In some respects, it seems like a strange thing for GiveDirectly to be piloting. On the one hand, GiveDirectly has expertise in systematic studies of behavioural change in LDCs , and the chatbot possibly also performed programmatic functions in a cost effective manner. On the other hand it involves a charity known for its “let local people decide how to use money spent on their behalf, Western aid agencies doing it can be disempowering and often wrong” ethos asking “which parameters should we use to fine tune this [adaptation of a commercial] product we’ve designed to give them the most suitable answers before scaling up its deployment”… which seems like a very different ethos and approach.[1]
The conclusions highlighted from the research so far—both that if you give poor Rwandans access to ChatGPT they have a similar range of interaction to other humans[2] and that responses generated by an LLM with no meaningful local training dataset were often inadequate—seem unsurprising. I am sympathetic to arguments that people make better decisions with access to information, but I am also sympathetic to arguments a ChatGPT derivative is not the most valuable information Rwandans could receive (and may have minimal or even negative value)
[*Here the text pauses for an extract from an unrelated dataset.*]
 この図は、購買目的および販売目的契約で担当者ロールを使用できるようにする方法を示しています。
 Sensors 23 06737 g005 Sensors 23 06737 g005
I’m not actually sure what the costs of acquiring relevant local data and training a chatbot to achieve greater fluency in spoken Kinyarwada dialects and safeguarding against advice that is very bad in a local context are,[3] but they seem like a pretty relevant benchmark, since they might actually be considerable on a per user basis and the alternative for critical information like “what is the nearest health centre” might be something like signing people up to email lists, or a small number of human agents in Kigali costing surprisingly little.[4] I guess there’s also the “who’s paying?” question, especially when the current implementation appears to involve providing training data for one of the world’s most valuable companies (and obscure languages may or may not add value to their model).
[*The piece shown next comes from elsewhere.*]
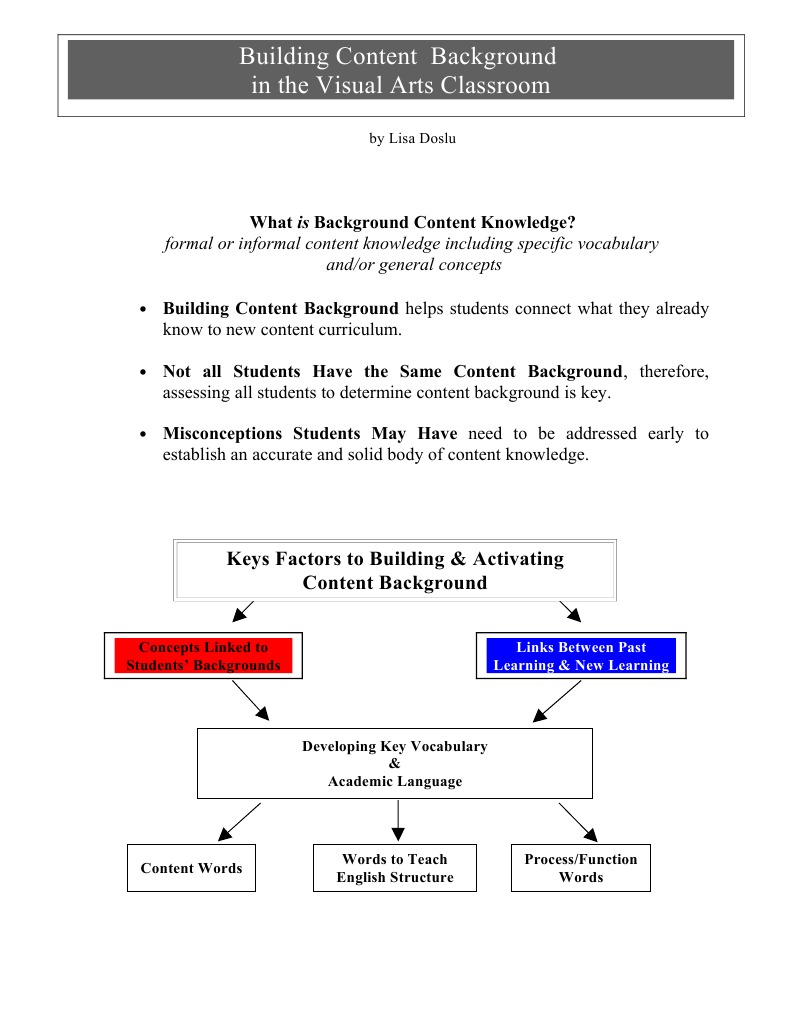 Building Content Background in Arts | PDF | Career & Growth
I feel one relevant benchmark for GiveDirectly specifically might be “what is the estimated cost per per person reached to improve it: would locals rather have a better chatbot or the cash?”. It’s possible the insights they’re getting are extremely valuable particularly in the context of limited/no of web access, but it’s possible they’re not…
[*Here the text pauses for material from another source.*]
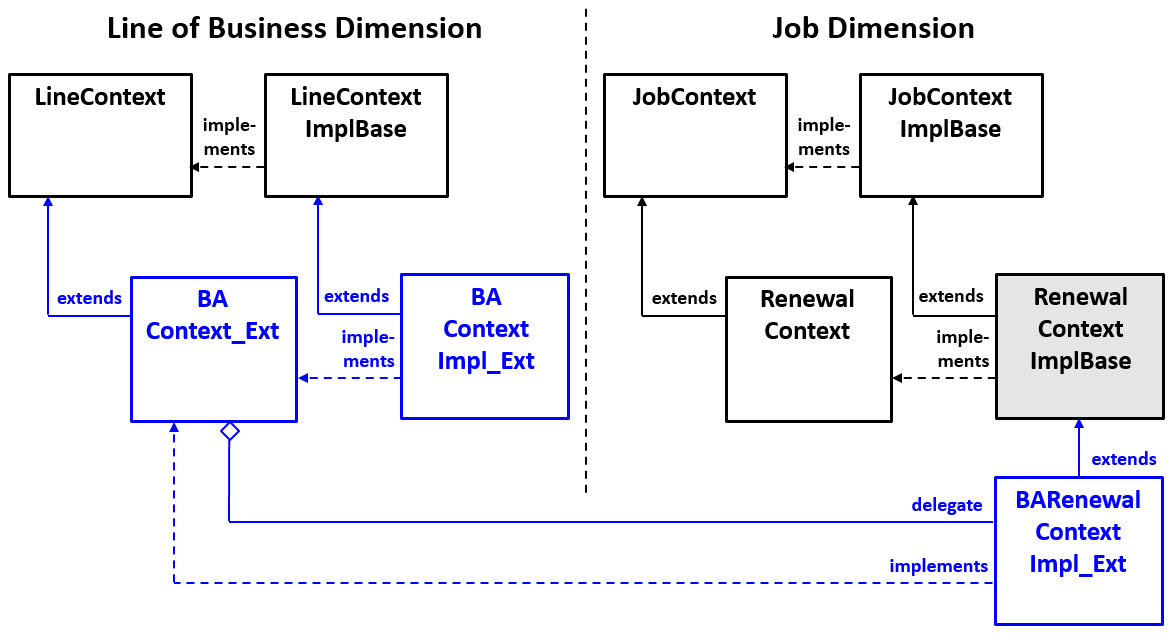 Adding a BARenewalContextImpl_Ext class to the Line/Job Context API.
the relevant comparator might be the One Laptop Per Child project. Well intentioned, theory of change centred on the idea that people in LEDCs can be empowered by interacting with modern technology and better information too, but perhaps actual educational benefits didn’t really stack up with the costs and the participants would have chosen to have something other than a computer
I must admit, I am curious about the extent to which Rwandans engaged in “witty banter” or attempts to manipulate the chatbot into saying something silly...
I don’t know how bad the speaking and dataset is, and whether an adequate “solution” looks like a finetuning prompt with some info or developing a corpus of services data and synthetic idiosyncratic Kinyarwada to fix the model, but the latter option could be very expensive compared with the people it would actually reach...
I suspect you get many person years of Rwandan human call centre time for a month or two of a mid-level AI engineer’s time...
Hi David T., you are right to ask the question on whether people would rather have had the cash instead of a better chatbot. This is why we are starting with small pilots and using these to inform our next steps. So far the feedback has been very positive—people say that they wish they had had the chatbot earlier. Next we want to know if adding a chatbot boosts the impact of cash—if so, then rolling this out at larger scale will involve minimal costs but the benefits could be high. We don’t know of other non-profits that are offering unrestricted versions of chatbots at this point (many focus only on agricultural advice) - but we believe this offers the kind of information access that should be available to people and allows people to make decisions based on their own needs.